| Your goal |
Word for word, print out all of the data, omitting every image.

| Dataset extract |

------------------------------

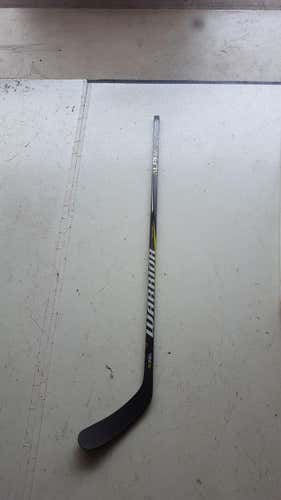 Warrior Alpha QX / Cam Atkinson / rh / W03 curve / 75 flex / with grip/  no trades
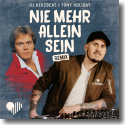 Cover: DJ Herzbeat & Tony Holiday - Nie mehr allein sein (Remix)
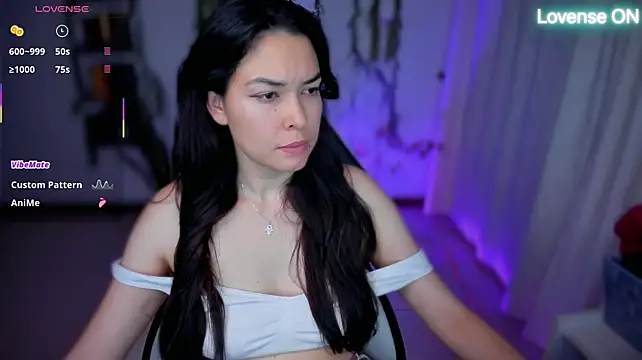 Chat XXX Live Lunlunera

------------------------------

| Result below |
 Warrior Alpha QX / Cam Atkinson / rh / W03 curve / 75 flex / with grip/  no trades
 Cover: DJ Herzbeat & Tony Holiday - Nie mehr allein sein (Remix)
 Chat XXX Live Lunlunera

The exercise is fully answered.